#### [Required work]
Set down the final stretch of the data, from the line that holds "Ascona Switzerland - Vintage" through the last line, both included, with pictures left out.

Top of Stored data

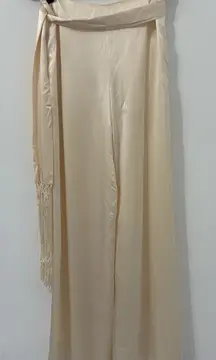 LAUREN Ralph Lauren Silk Wide Leg Pants Cream Ivory Sz 4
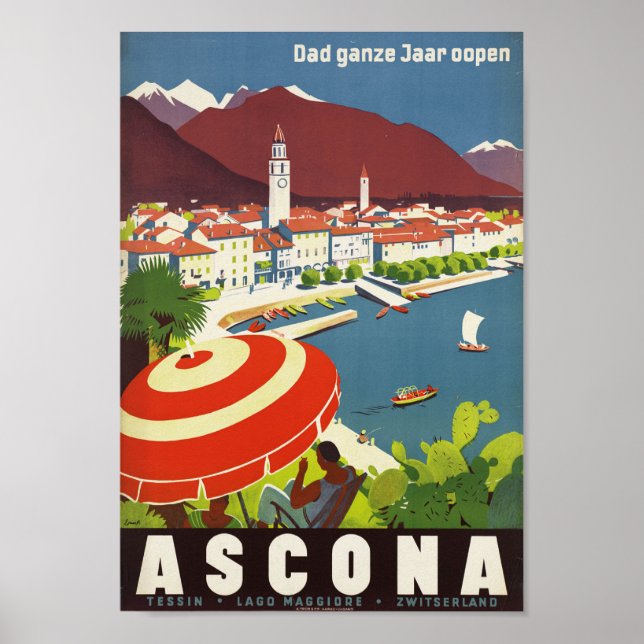 Ascona Switzerland - Vintage Swiss Travel Poster (Devant)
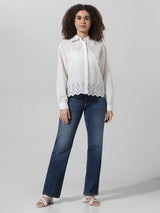 Women's White Woven Casual Solid Regular Fit Full Sleeves Shirt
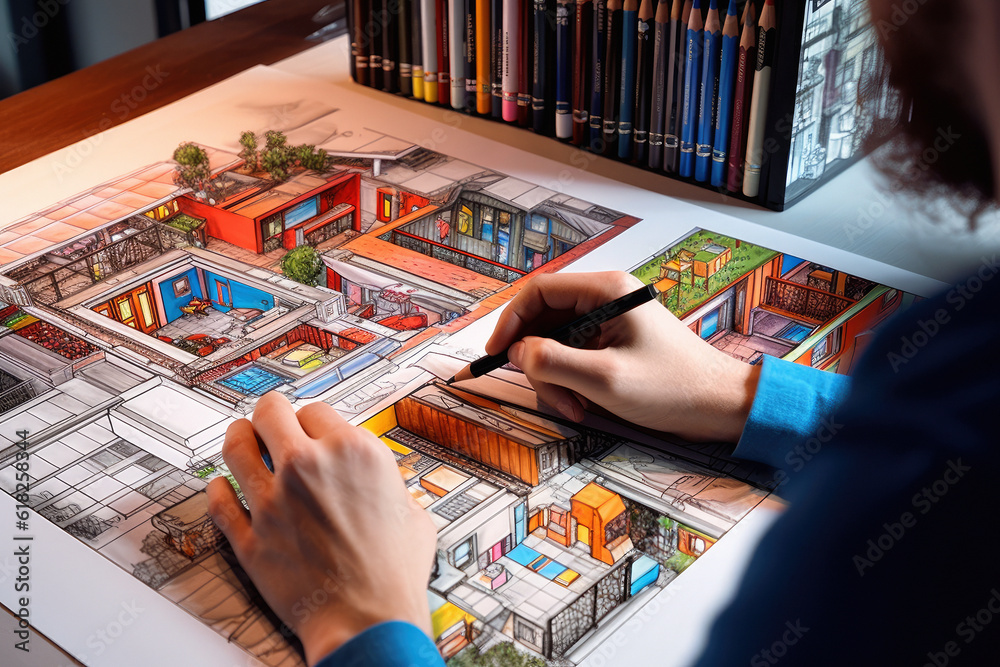 Close-up of an interior designer's hand drawing an interior design with coloured pencil. Generative AI.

Bottom of Stored data

#### [Answer space]
 Ascona Switzerland - Vintage Swiss Travel Poster (Devant)
 Women's White Woven Casual Solid Regular Fit Full Sleeves Shirt
 Close-up of an interior designer's hand drawing an interior design with coloured pencil. Generative AI.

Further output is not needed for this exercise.